- [DATASET CONTENT]
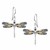 Dragonfly Design Drop Earrings in 18k Yellow Gold and Sterling Silver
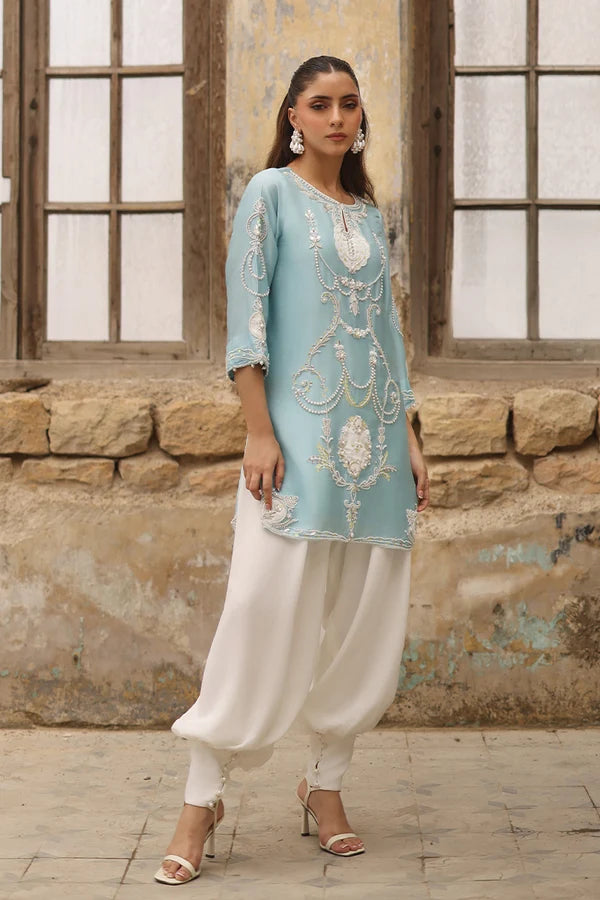 03-Piece Raw Silk Short Kurti Suit With Heavy Embroidery | Ready To Wear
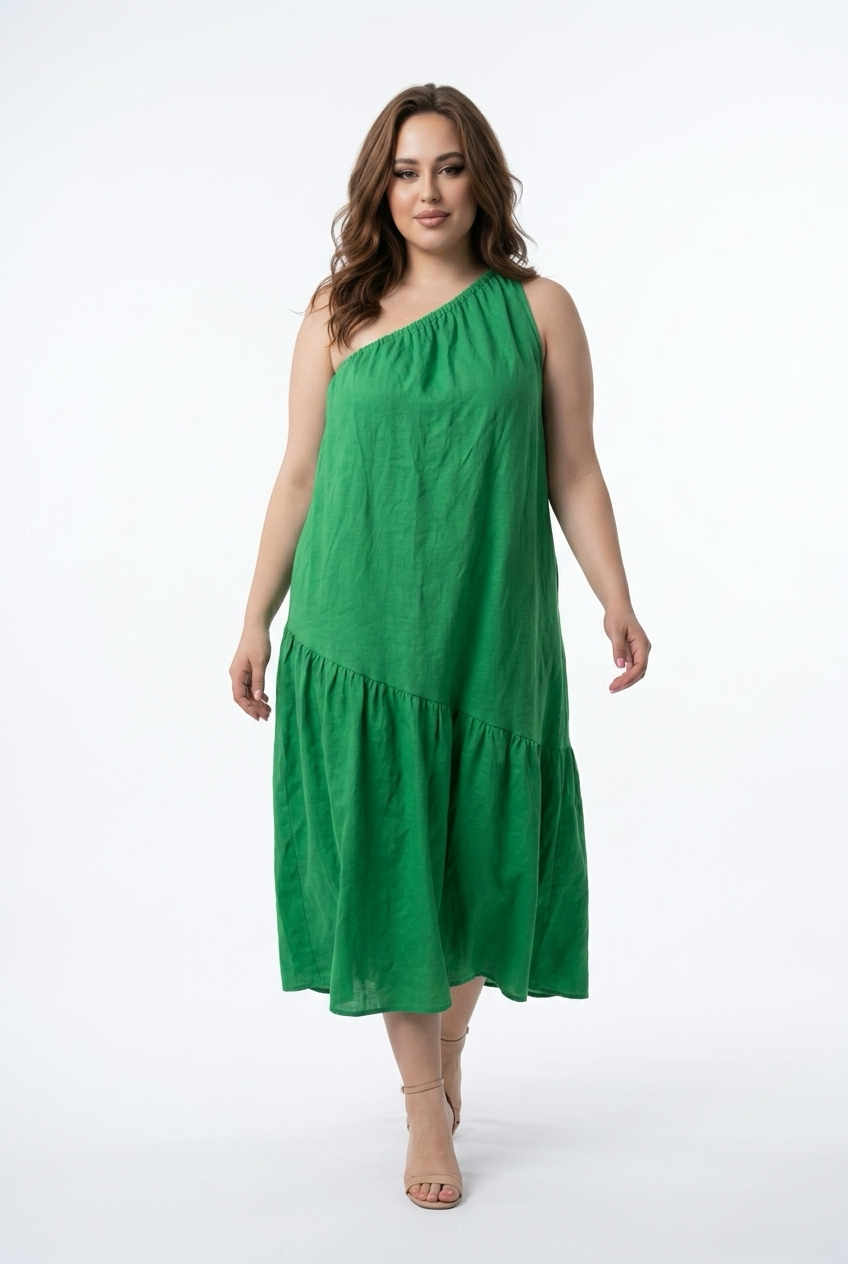 Off shoulder sommerkjole i grøn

- [TASK INSTRUCTIONS] Every line from the one containing "03-Piece Raw Silk" through the last line of the data is to be retyped exactly, with nothing added and no pictures included.

- [WRITTEN SOLUTION]
 03-Piece Raw Silk Short Kurti Suit With Heavy Embroidery | Ready To Wear
 Off shoulder sommerkjole i grøn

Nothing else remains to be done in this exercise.